Source: Irina Treise

Irina Treise, head of the immunology screen of the German Mouse Clinic, has been awarded at the 29th International Mouse Genome Conference (08.-11.11.2015) with the

  • Lorraine Flaherty Award in recognition of an outstanding oral presentation in the Trainee Symposium, and the
  • award in recognition of an outstanding research poster

She presented the identification of a novel molecular pathomechanism of severe immunodeficiency.

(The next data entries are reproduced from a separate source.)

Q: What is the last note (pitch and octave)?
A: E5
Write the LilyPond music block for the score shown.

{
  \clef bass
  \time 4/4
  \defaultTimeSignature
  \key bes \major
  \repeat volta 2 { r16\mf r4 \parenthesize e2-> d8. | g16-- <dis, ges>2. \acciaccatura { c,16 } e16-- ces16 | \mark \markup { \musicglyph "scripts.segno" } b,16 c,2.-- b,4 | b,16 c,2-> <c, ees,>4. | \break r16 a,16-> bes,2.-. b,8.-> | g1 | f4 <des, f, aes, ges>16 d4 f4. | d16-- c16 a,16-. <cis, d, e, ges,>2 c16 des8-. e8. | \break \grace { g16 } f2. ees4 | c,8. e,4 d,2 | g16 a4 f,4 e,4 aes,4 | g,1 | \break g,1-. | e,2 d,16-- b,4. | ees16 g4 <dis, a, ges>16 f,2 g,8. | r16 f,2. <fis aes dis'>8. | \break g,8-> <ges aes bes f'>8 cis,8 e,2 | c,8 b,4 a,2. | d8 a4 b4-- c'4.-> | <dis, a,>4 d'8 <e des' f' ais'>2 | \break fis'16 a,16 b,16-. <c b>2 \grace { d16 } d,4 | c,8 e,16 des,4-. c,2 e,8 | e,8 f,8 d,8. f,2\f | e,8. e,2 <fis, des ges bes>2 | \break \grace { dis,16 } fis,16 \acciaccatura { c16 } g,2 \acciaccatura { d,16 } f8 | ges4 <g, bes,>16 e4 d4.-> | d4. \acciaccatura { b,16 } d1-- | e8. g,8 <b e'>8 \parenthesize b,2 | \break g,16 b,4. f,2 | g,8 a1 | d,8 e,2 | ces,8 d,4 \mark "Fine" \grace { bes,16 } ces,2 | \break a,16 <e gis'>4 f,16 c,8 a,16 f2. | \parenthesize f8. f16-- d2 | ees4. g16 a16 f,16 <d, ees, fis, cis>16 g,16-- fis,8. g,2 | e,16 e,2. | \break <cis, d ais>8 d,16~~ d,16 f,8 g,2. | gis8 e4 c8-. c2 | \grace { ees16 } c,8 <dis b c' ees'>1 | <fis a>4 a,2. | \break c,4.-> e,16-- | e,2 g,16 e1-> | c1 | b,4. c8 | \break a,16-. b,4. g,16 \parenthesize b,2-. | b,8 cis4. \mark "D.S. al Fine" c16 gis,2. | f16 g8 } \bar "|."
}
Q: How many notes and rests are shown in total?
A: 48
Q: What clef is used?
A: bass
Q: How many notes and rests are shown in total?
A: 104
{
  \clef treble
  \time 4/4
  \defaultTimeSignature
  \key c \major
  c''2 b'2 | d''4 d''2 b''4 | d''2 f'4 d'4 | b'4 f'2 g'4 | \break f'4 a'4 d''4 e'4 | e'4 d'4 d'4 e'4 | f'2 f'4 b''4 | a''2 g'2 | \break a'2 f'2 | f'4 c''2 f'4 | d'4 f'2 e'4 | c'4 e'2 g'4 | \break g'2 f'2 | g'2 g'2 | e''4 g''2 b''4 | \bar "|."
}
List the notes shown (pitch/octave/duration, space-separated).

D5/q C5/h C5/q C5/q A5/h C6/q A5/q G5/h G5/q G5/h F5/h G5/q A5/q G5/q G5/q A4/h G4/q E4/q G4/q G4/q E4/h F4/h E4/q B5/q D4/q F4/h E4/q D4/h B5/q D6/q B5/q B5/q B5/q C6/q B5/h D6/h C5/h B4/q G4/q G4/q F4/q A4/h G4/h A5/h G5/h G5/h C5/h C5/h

As part of the large-scale Munich ENU (N-ethyl-N-nitrosourea) mouse mutagenesis approach, the Immunology Screen of the German Mouse Clinic performed standardized immuno-phenotyping of mouse mutants with a particular focus on identifying mutants with clinical phenotypes. Thereby, we established and characterized a novel mouse mutant - TUB006 - with defects in both innate and adaptive immunity. Heterozygous TUB006 animals show significantly reduced T cell frequencies, and fail to induce a sufficient T cell response to Listeria monocytogenes, resulting in lethality upon low-dose infection. Homozygous TUB006 mutants display an early lethal phenotype presenting with severe combined immunodeficiency (SCID) lacking all three major types of lymphocytes: T cells, B cells and NK cells. Furthermore, homozygous mutants develop sterile autoinflammation characterized by granulocytosis and infiltration of neutrophil granulocytes into various organs. Whole exome sequencing unraveled the underlying point mutation in Psmb10, encoding a catalytic subunit of the immunoproteasome and thymoproteasome. Yeast mutagenesis and crystallographic data suggest that the severe TUB006-phenotype is caused by structural changes that prevent the biogenesis of functional immuno- and thymoproteasomes. The severe immunodeficiency in TUB006 mice is surprising, since Psmb10-knockout mice are healthy, displaying only a subtly altered T cell repertoire. Our data once more show the power of ENU to identify unknown gene functions by creating not only loss-of-function mutants but also gain-of-function, hypo-/hypermorphs or dominant-negative mutations. The identification of causative mutations in mice with clinical phenotypes can directly lead to the discovery of human disease genes. Given the high structural and functional conservation of proteasome subunits between mammals, our data point out the high potential of Psmb10 mutations to be of clinical relevance in humans with immunological defects of unknown etiology.